◆ **YOUR ASSIGNMENT**: Among the records below, find the line with "Simone, 3 anni, gioca ad Angry Birds su iPad" and the line with "Un hameau sur son promontoire - photo 8". Set down both and every line between, exactly and with no pictures, but nothing else.

◆ **SUPPLIED RECORDS**:
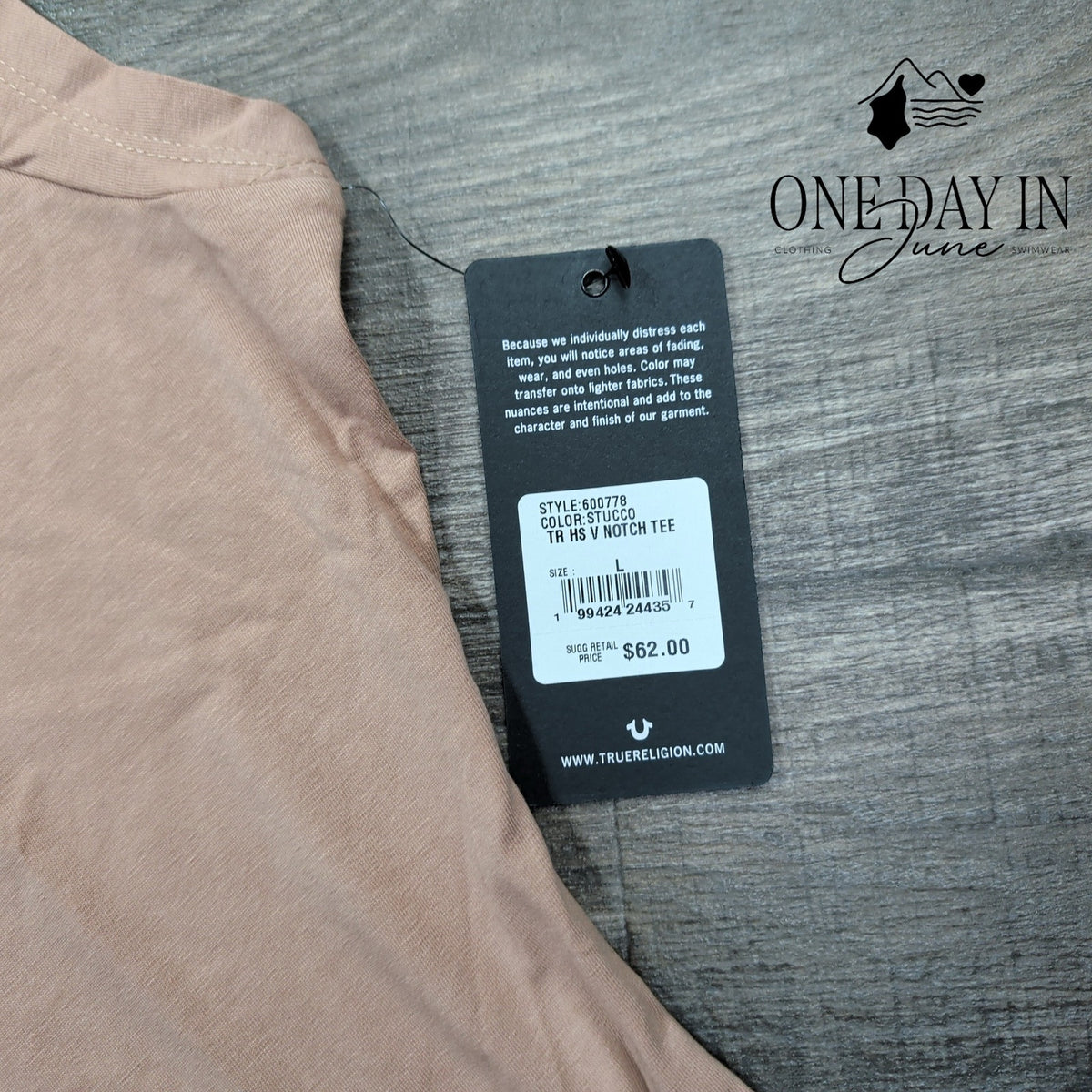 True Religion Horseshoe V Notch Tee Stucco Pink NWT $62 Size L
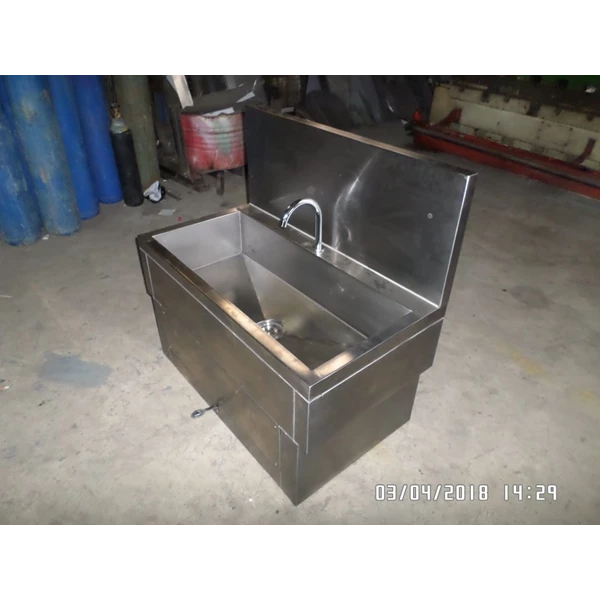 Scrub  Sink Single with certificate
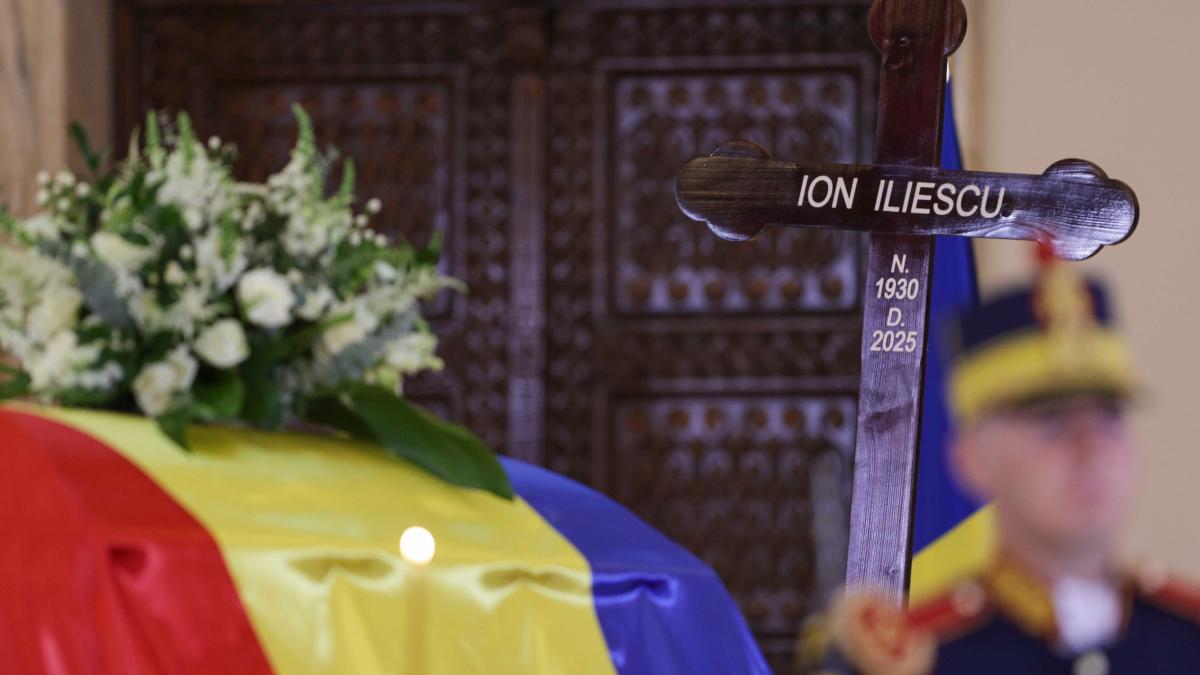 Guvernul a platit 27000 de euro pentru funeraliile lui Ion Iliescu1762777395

...

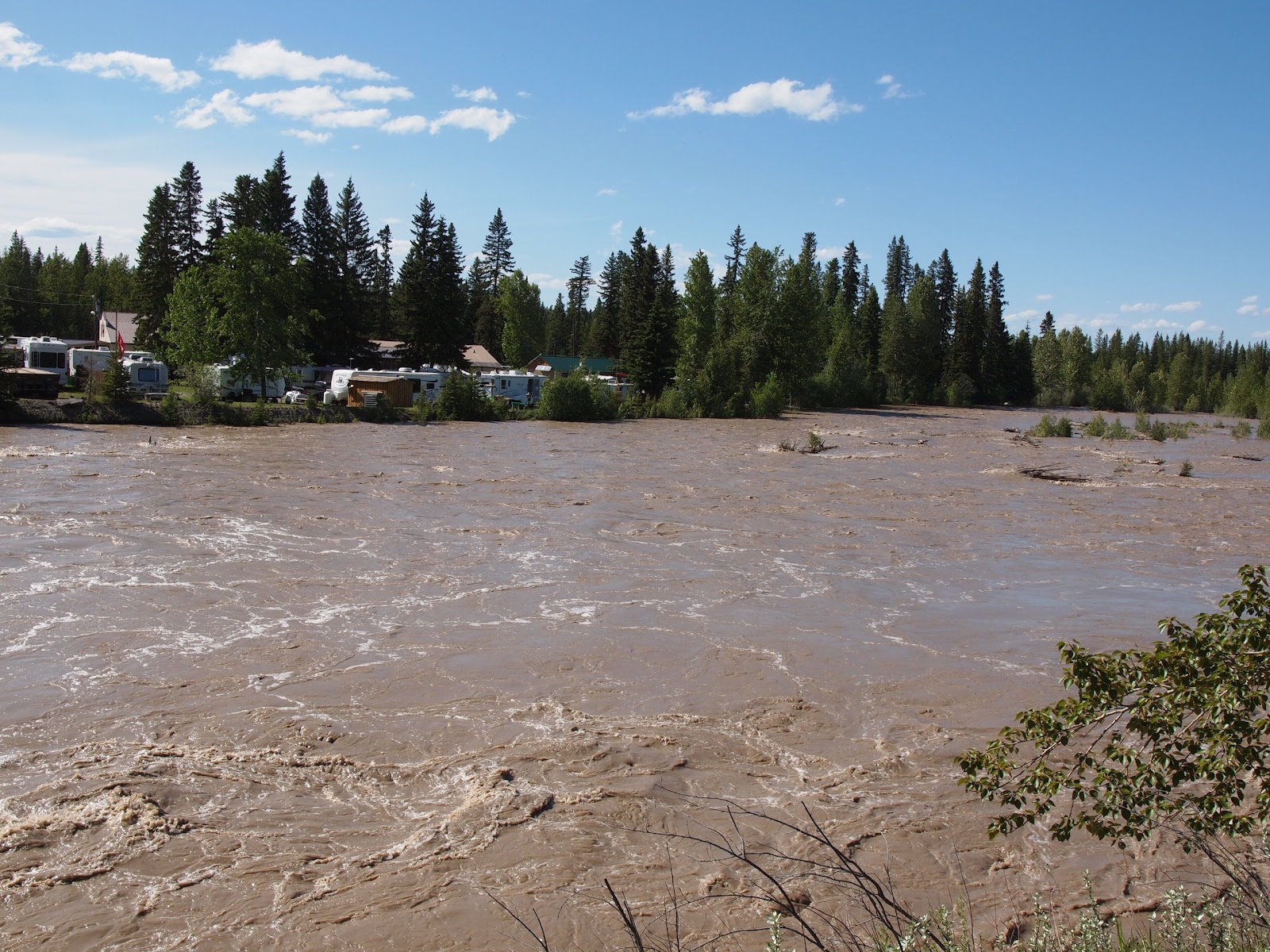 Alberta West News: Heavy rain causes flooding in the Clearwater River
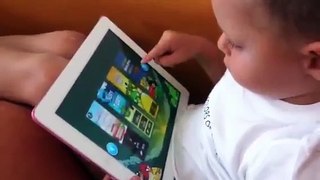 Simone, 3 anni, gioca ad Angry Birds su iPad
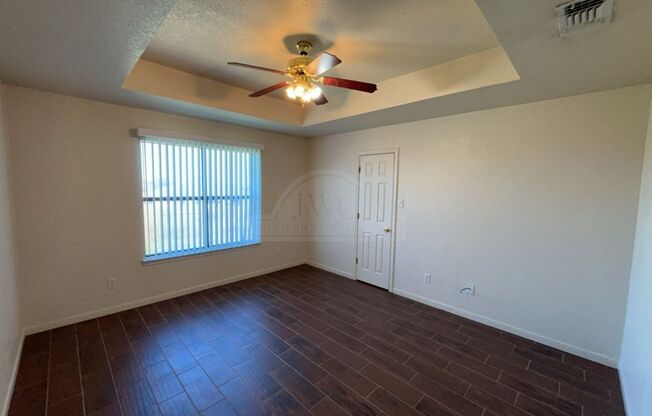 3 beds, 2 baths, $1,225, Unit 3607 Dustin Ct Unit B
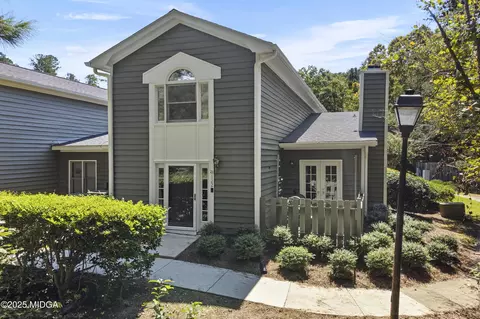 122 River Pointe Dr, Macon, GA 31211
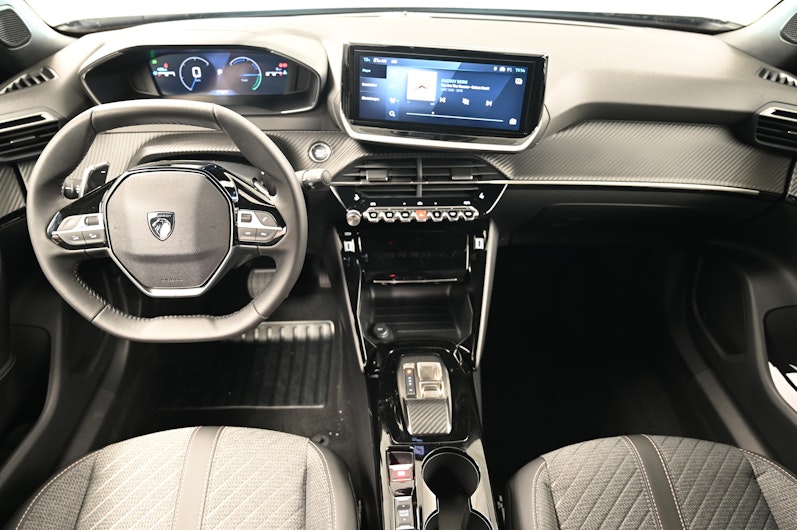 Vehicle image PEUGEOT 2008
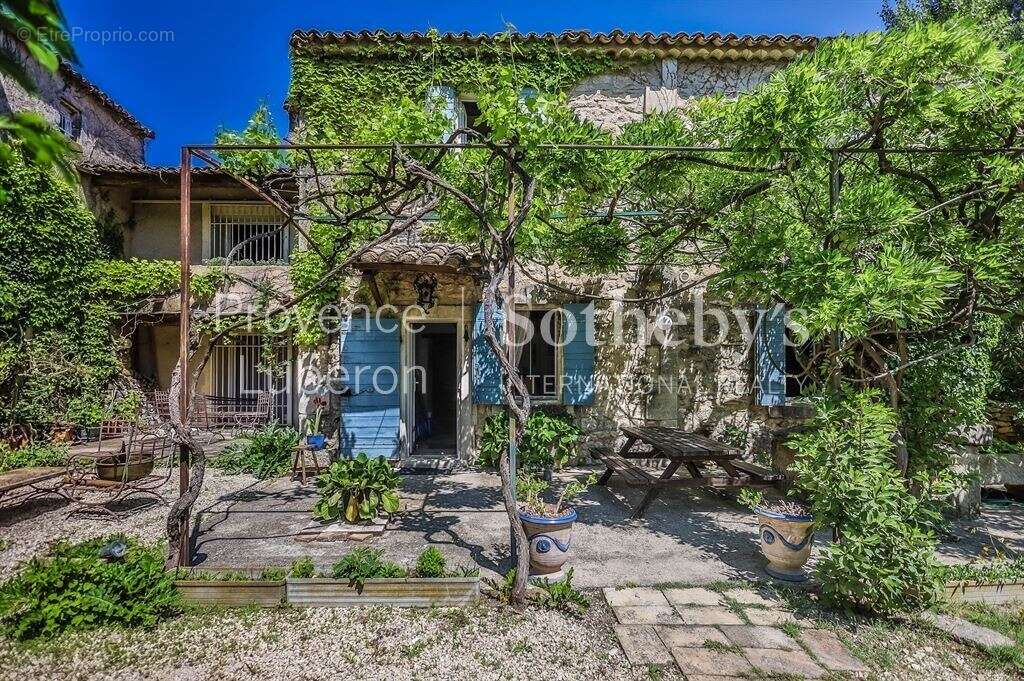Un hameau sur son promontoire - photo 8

◆ **ANSWER FOR THIS EXERCISE**:
 Simone, 3 anni, gioca ad Angry Birds su iPad
 3 beds, 2 baths, $1,225, Unit 3607 Dustin Ct Unit B
 122 River Pointe Dr, Macon, GA 31211
 Vehicle image PEUGEOT 2008
Un hameau sur son promontoire - photo 8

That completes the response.